JS: Just two years after joining the National Trust, you decided to terminate the organization's traditional reliance upon federal funding. Why?

RM: Congress had us in its sights. It was taking a very hard look at all federally funded cultural programs (such as NPR, the national endowments, and PBS), and we got caught up in that. In the end, we decided to chart our own course and not be overly dependent on Congress or any other single source of income. This also made us a much more effective advocate in Congress, a much more credible advocate for preservation issues, instead of just being up there as a special pleader for our own funding, which always troubled me.

Today, when we go up to the Hill, we are not seeking funds for ourselves, but rather we are seeking funds for the national parks or for historic tax credits or for cultural resources on public lands in the West. In the end, this decision changed our culture. We became much more entrepreneurial and creative and energetic after we went off federal funding. We increased our foundation funding almost 600 percent.

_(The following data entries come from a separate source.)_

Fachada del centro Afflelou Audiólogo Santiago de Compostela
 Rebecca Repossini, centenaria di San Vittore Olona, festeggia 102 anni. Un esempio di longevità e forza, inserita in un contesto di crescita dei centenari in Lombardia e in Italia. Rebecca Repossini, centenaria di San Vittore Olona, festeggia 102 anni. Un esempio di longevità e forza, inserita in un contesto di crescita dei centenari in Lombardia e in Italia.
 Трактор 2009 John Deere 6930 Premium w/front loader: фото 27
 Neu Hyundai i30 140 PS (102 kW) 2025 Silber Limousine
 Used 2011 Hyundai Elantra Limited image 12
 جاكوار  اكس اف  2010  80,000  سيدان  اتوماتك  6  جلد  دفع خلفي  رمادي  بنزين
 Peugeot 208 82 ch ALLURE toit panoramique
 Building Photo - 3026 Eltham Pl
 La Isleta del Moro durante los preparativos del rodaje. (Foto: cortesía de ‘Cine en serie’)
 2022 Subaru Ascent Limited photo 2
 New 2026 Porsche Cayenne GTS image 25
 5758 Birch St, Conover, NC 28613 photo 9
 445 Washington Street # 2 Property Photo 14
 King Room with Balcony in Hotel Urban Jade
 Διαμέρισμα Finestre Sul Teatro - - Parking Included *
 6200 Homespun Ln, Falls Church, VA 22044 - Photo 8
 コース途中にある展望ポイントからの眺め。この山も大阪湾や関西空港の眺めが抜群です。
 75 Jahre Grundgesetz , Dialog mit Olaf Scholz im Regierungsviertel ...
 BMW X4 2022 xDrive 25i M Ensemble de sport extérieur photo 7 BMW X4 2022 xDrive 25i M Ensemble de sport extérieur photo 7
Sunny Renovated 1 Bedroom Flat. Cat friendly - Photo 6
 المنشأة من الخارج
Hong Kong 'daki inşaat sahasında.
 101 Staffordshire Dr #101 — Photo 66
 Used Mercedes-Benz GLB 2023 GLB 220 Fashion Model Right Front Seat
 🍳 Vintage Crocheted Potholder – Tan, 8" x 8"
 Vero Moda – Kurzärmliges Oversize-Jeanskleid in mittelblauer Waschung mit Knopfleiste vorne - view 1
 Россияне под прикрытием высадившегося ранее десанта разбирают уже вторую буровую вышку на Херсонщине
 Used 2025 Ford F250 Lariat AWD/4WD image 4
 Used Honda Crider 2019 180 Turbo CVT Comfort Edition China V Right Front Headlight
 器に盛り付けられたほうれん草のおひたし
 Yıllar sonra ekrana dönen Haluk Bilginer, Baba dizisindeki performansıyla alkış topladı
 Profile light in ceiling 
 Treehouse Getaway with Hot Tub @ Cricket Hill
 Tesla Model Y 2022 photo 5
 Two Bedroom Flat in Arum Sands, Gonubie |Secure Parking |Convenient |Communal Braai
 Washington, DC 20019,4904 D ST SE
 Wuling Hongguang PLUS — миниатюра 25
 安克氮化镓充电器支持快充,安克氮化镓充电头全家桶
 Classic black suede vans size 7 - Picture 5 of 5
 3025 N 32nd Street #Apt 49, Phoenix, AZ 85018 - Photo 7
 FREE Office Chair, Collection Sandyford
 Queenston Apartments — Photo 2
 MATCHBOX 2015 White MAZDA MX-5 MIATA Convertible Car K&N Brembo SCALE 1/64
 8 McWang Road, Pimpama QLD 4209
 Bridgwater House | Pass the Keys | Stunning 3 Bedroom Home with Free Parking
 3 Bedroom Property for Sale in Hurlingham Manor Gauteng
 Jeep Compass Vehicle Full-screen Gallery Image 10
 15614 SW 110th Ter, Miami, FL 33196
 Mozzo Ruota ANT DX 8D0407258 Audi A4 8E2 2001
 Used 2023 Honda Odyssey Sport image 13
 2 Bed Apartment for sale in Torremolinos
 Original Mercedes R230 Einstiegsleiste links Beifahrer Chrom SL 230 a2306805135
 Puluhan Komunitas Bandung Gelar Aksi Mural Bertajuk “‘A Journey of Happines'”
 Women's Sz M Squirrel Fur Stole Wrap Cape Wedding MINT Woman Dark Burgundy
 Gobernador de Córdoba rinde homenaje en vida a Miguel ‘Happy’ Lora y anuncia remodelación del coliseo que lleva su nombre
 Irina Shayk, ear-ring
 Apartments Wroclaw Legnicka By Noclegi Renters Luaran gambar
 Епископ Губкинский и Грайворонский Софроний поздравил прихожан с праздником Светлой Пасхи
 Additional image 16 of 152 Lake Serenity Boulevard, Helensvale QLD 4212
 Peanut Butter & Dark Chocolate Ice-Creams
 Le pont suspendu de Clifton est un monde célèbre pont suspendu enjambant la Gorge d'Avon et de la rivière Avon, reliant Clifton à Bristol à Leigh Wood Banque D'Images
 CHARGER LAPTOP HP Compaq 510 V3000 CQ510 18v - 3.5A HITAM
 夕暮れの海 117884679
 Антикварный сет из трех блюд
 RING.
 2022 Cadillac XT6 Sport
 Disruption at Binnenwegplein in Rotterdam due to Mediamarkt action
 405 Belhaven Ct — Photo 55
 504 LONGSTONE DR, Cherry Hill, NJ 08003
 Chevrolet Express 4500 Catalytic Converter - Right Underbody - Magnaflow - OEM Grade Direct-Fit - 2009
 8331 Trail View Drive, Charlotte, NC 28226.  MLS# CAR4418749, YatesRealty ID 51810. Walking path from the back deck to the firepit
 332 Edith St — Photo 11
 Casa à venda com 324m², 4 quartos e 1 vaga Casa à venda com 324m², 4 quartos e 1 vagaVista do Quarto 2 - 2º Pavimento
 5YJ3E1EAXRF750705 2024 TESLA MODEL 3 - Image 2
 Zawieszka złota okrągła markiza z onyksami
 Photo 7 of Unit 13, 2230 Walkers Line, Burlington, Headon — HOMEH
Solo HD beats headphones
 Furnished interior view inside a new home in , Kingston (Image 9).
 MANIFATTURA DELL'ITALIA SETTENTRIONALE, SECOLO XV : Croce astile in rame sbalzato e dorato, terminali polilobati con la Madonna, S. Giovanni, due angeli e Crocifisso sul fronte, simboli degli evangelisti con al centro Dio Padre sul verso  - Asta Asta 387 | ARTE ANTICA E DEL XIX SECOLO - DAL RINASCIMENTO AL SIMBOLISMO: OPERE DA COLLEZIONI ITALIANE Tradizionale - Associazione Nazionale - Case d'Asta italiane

JS: You've presided over a dynamic period of expansion. Have the goals of the National Trust changed substantially in the past two decades?

RM: Absolutely, because our mission has broadened considerably. Yes, the National Trust was chartered by Congress 60 years ago to be the holder of house museums deemed to be historically or architecturally significant. We did that. We still do that. We'll always do that. But we now have regional offices collaborating with state and local organizations. We have the Main Street program revitalizing downtowns. We have a vigorous public advocacy program for both public policy and law. We have educational efforts. We are an all-purpose national preservation organization—and I might say the only one in the world. Now we embrace challenges around sustainability, public lands, Modernism, and the recent past. To those who say we're not focused enough, I say we have deliberately expanded the definition of preservation to include the older neighborhoods and communities that contribute to the quality of life in America.

JS: In an era of economic difficulties, when giving is down and only limited dollars are available to nonprofits, how do you make the case for supporting the National Trust?

RM: One of the raps on preservation that I got when I first went to Congress as an advocate was "It's not relevant. Why should I give money to you when there are starving Native American children on reservations?" That was the real choice one congressman faced. It was a fair question.

But today I would say, the most vital gathering and residential places in every major American city are historic places, older places, whether it's Capitol Hill here in Washington, or South Beach in Miami, or the West Village in New York City. They're where people gravitate. Preservation has proved itself relevant in that way. Our focus on sustainability (extending the life of older and historic buildings by making them more energy efficient) furthers the cause of preservation and addresses one of the most challenging issues of our time—climate change. That's relevant. Our focus on heritage travel responds to people’s thirst for genuine experiences, and the cultural tourism industry produces a lot of jobs, so that's relevant.

JS: You're pointing out Trust programs that may fly under the radar. Do most preservationists—or even members—know what the National Trust does?

RM: People don't know everything that we do. And one of the problems we have is that we're such a diverse and increasingly complex organization, it's hard to explain in an elevator speech. And that's one of the things that we have not come to grips with. We need to communicate much better about what we do. I'm convinced it has to be done in terms of relevance and in terms of contributing to the quality of life in America.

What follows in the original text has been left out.